Штаб «Веры» в поселке Металлист, что под Питером, занимал заброшенное кафе. В эту ночь оно использовалось по назначению: на столах вместо бумаг — разовые скатерти, пластиковая посуда, моченья-соленья, принесенные пожилыми агитаторшами, и коробка напитков, от штаба. Начальник, Павел Быков, был в несуразно-торжественном виде, топорщившемся пиджаке, с закатанными рукавами — как иначе достать помидор из банки?
Наблюдатели уже позвонили с участка: подсчет закончен, взяли шестьдесят семь процентов, безусловный рекорд по Питеру. Значит, агитаторам — премиальные. Потому тетеньки самых почтенных лет и серьезного статуса, пускались в пляс. Быку пришлось чуть не орать во всю глотку, чтобы утихли: дали послушать Столбова.
— Что касается Премьера. С ним я тоже поговорил. Мы пришли к выводу, что друг на друга не обижаемся. Он не мешает мне сформировать новый кабинет, я ему даю почетную внешнеполитическую должность. С нее он начинал, так что будет легко. Думаю, кое-кто из прежнего правительства останется, даже сохранив должность.
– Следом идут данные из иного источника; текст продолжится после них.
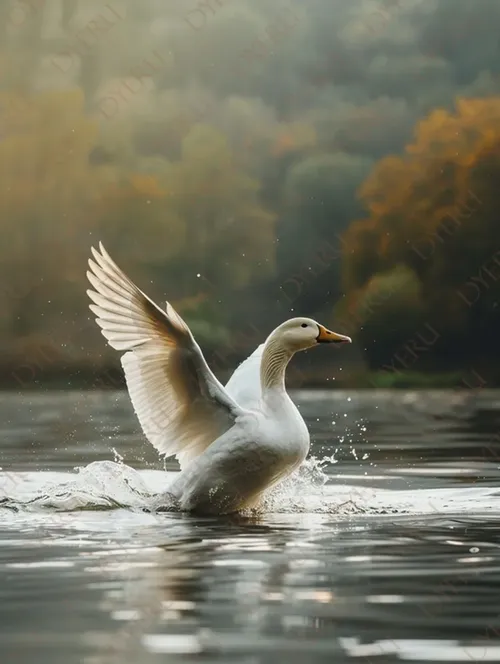 Anatra Bianca in Volo su Acqua Calma al Tramonto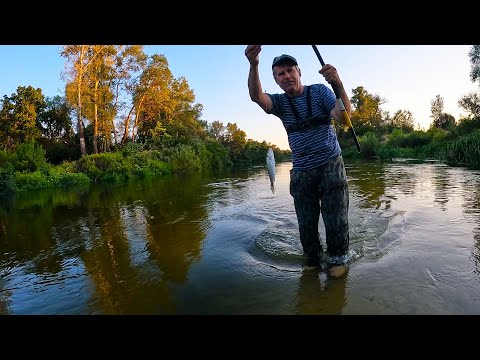Видео: Рыбалка на поплавок 31 июля на речке.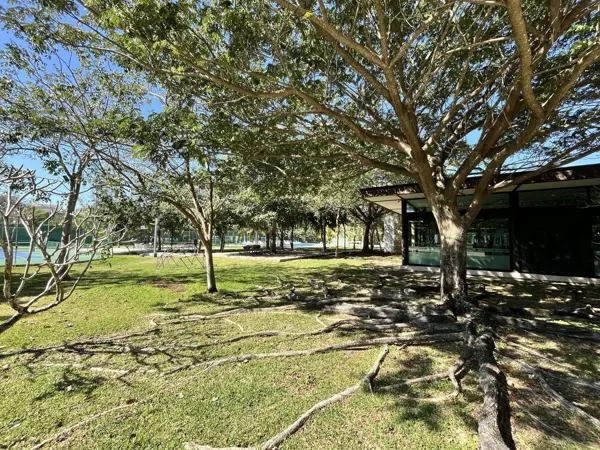 Terreno en venta en Cholul, Mérida — foto 3 de 14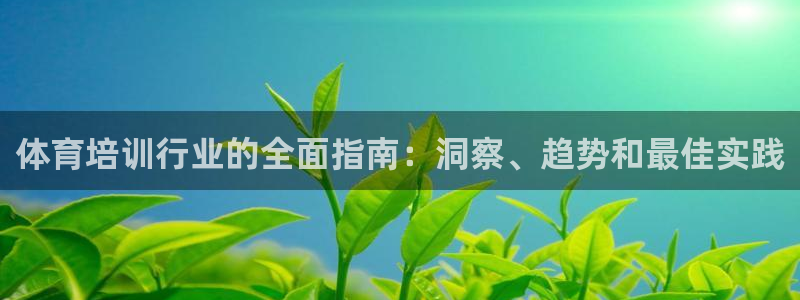 耀世娱乐平台官网登录不了了：体育培训行业的全面指南：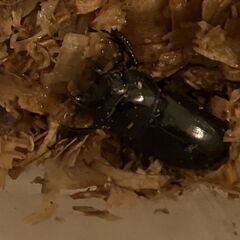 本土ヒラタクワガタ（福岡県産） ♂５９.４　♀３０.０　新成虫ペアの画像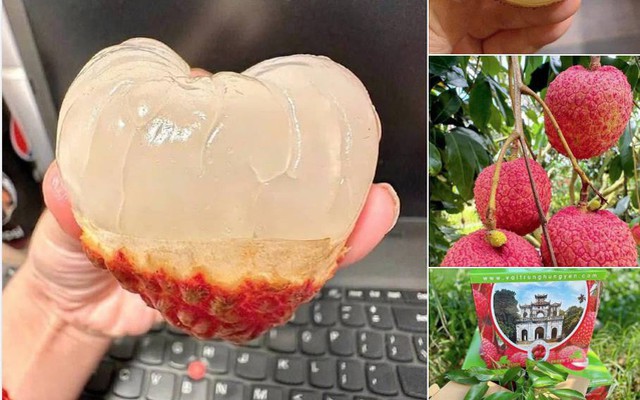 Loạn giá vải trứng Hưng Yên: Nơi 240.000 đồng/kg, nơi chỉ 45.000 đồng/kg, chuyện gì đây?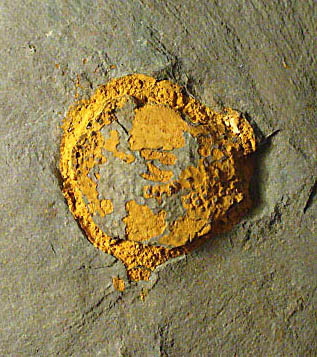 Trochocystites bohemicus Barrande, 1827. 2 cm cinctan carpoid. Middle Cambrian, Jince Formation. Czech Republic
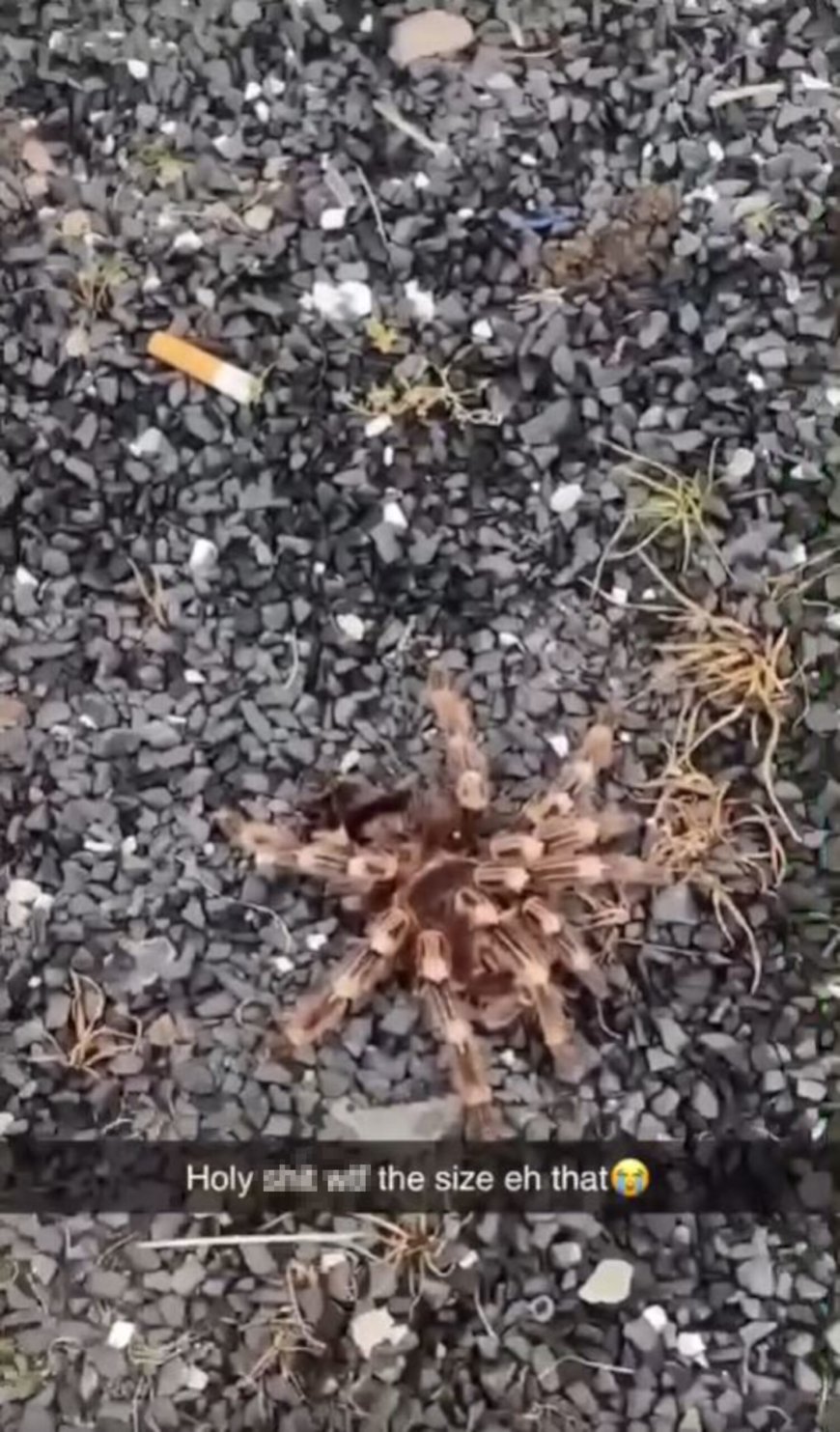 Escaped tarantulas cause chaos in Scots town- with one of the exotic spiders meeting an untimely end at the hands of a terrified local  --[Reported by Umva mag]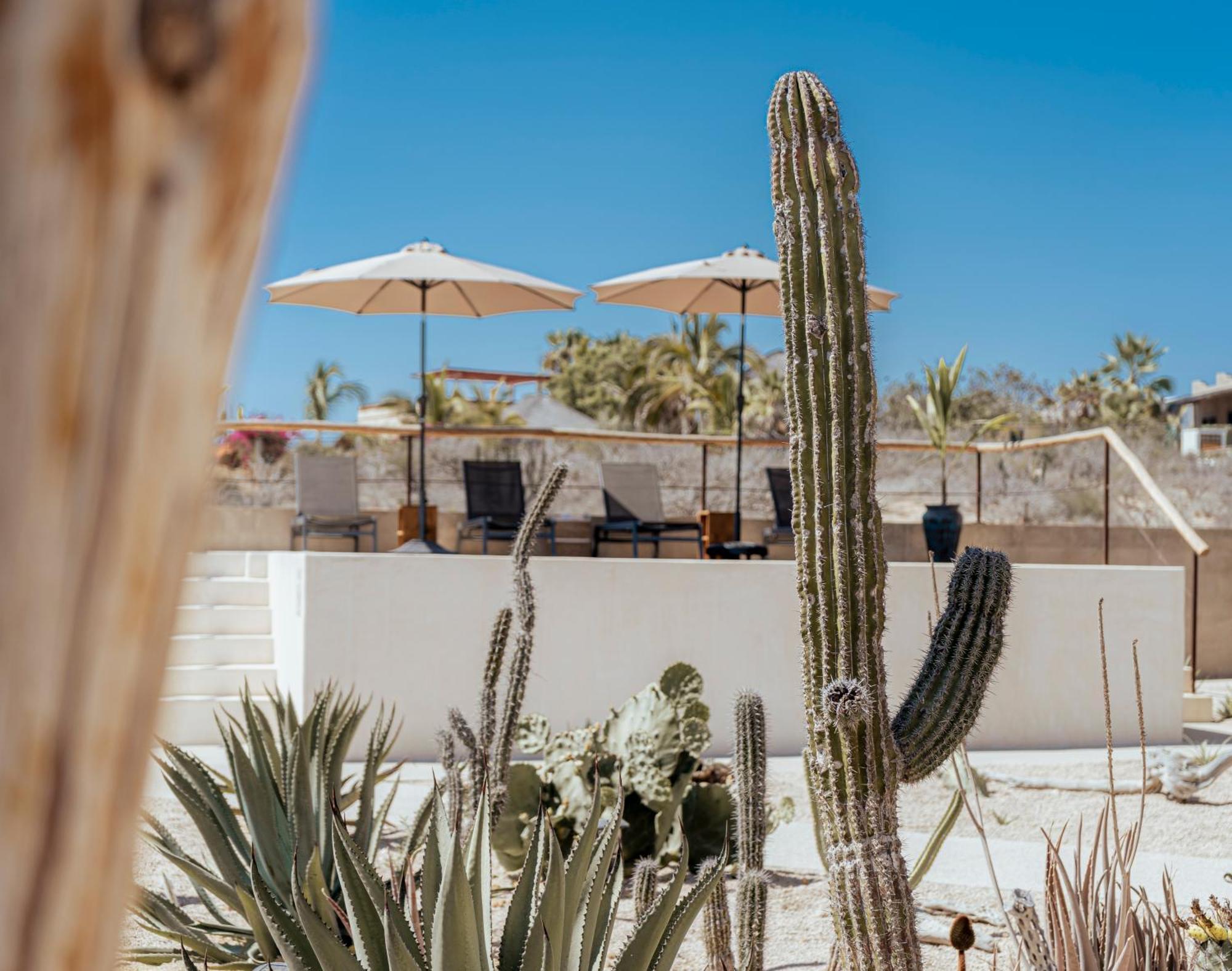 Baja Temple Hotel Todos Santos Kültér fotó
Им придется проявить не лояльность, а профессионализм.
Есть и другие граждане, которые считают себя проигравшими. Прямо скажу, боятся. Еще раз повторяю: дорогие мои, хорошие, бояться не надо. Тут некоторые поспешные люди, как я слыхал, уже составляют списки с именами тех, кто должен ответить. Советую эти бумажки взять, отнести в церковь и подать на проскомидию, пусть помянут…
— Э, Гришка, как думаешь, ты в таких списках есть?
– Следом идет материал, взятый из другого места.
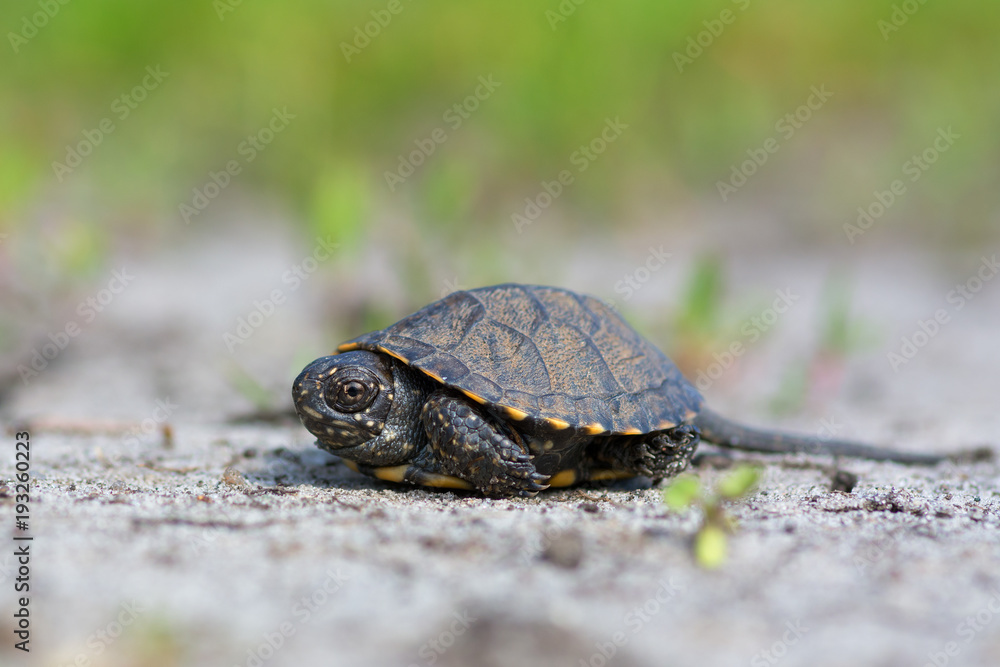 Obraz premium European pond turtle (Emys orbicularis)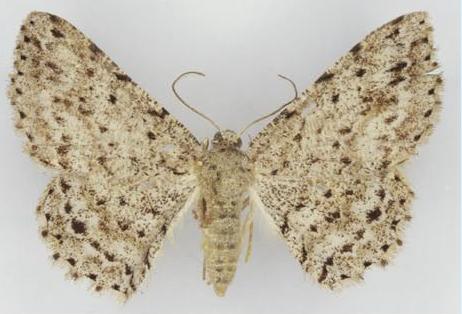 Tephrosia exesaria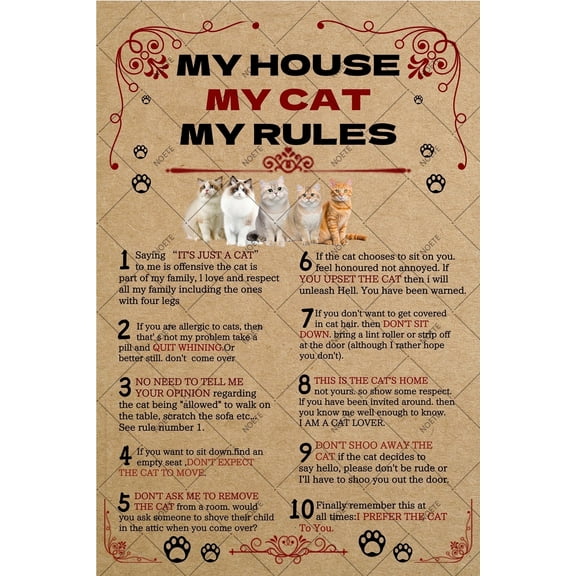 Noete My House My Cat My Rules Metal Tin Sign Vintage Cat Lover Wall Art Decor, 8x12 Inch Rustic Tinplate Sign for Home, Office, Bar & Cafe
— Дураков много бумажки пачкать. Главное, наверху будет умный.
Луцкий встречал «новый политический год» в подмосковном пансионате со скромным названием «Царьград». В Россию прилетел утром с Карибов специально, чтоб проголосовать. Да еще сделал две посадки в Европе — захватил на борт нескольких знакомых, граждан России. «Нам явка нужна», — говорил он. Теперь Луцкий с друзьями сидели у камина — понятно, настоящего, с трещавшими сосновыми полешками, любовались замерзшей Окой, пили коньяк четвертьвековой выдержки. И пытались понять, что им принесет смена власти.
— Что-то я себя чувствую как тот купец, что большевикам давал миллионы, — хохотнул партнер по бизнесу. — Гриша, как думаешь, твой бизнес при Столбове выживет?
— Выживет, — уверенно ответил Луцкий, — где только не выживал. Конечно, прогрессивный налог платить — есть в этом своя непривычная подлянка. Но это лучше и проще, чем когда шакалов кормишь без всякого налога. Так что повторяю: бояться нечего. Не надо никому мчаться в Шереметьево. Дорога зимняя, лучше не рисковать. За прошлые грешки спроса не будет. Но я еще раз повторяю и предупреждаю: придется научиться жить, не воруя. Относится и к тем, кто заносит, и к тем, кто берет, и к тем, кто просто пилит. Можно потерять и свободу, и деньги. Причем никакая близость к телу не спасет. К власти меня привел народ, а не группа друзей, поэтому группы, которой можно все, не будет.